Here Are The Highlights From The November Democratic Debate
By Jenny Ferm
Impeachment was a major talking point at the fifth Democratic debate this week.
Much of the impeachment debate focused on the recent testimony from Gordon Sondland, the U.S. Ambassador to the European Union. The democratic candidates held a united stance on the impeachment proceedings, this being one of the few issues they unanimously agreed on.
South Bend, Ind., Mayor Pete Buttigieg and his recent controversy on race also sparked debate among candidates. Buttigieg’s popularity has surged in recent weeksBy
, his campaign pulling high numbers in early polls in New Hampshire and Iowa.
Former Vice President Joe Biden also found himself in a few slip-ups in the debate. Biden expressed his determination to combat violence against women by saying it was necessary to “keep punching at it and punching at it and punching at it”.
Later in the night, Biden claimed he had the support of “the only African American woman that had ever been elected to the United States Senate”, despite California Sen. Kamala Harris standing a few feet away from him.
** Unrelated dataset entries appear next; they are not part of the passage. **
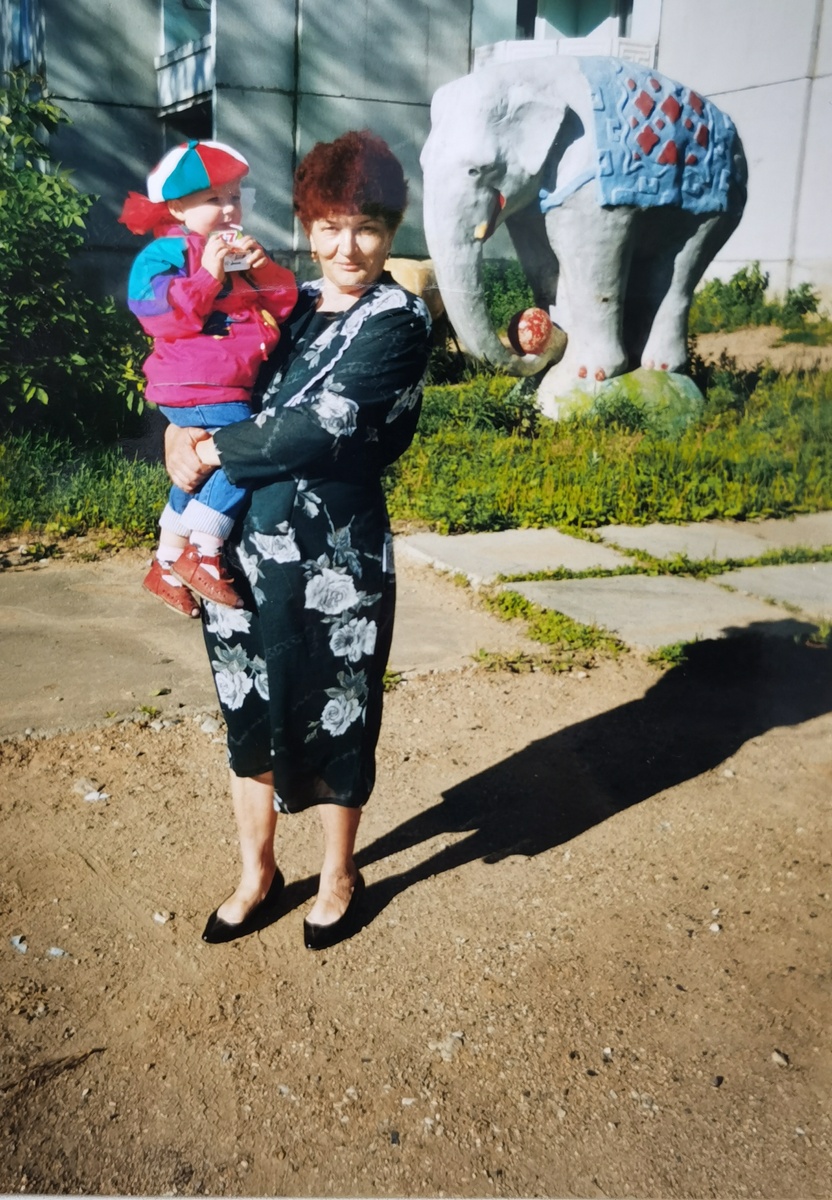 Моя чудесная бабулечка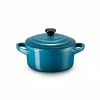 Le Creuset Deep Teal Stoneware Petite Round Casserole -Tiffany & Co. Shop 71901106420100 Le Creuset Stoneware Deep Teal Petite Casserole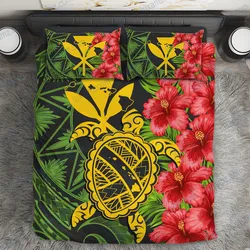 Hawaii Turtle Hibiscus Polynesian Bedding Set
New Jersey Sen. Cory Booker jumped in discussions frequently since he still hasn’t qualified to participate in the December debate. He argued against Massachusetts Sen. Elizabeth Warren’s wealth tax saying democrats needed to focus more on “giving more people opportunities to create wealth, to grow businesses, to have their American dream”.
Vermont Sen. Bernie Sanders pushed his stance on climate change at many different points in the debate, even without being asked. “What the scientists are telling us is, if we don’t get our act together within the next eight or nine years, we’re talking about cities all over the world, major cities, going under water,” said Sanders in response to a question about climate change.
The debate also focused on topics of voters’ rights, childcare, and foreign policy.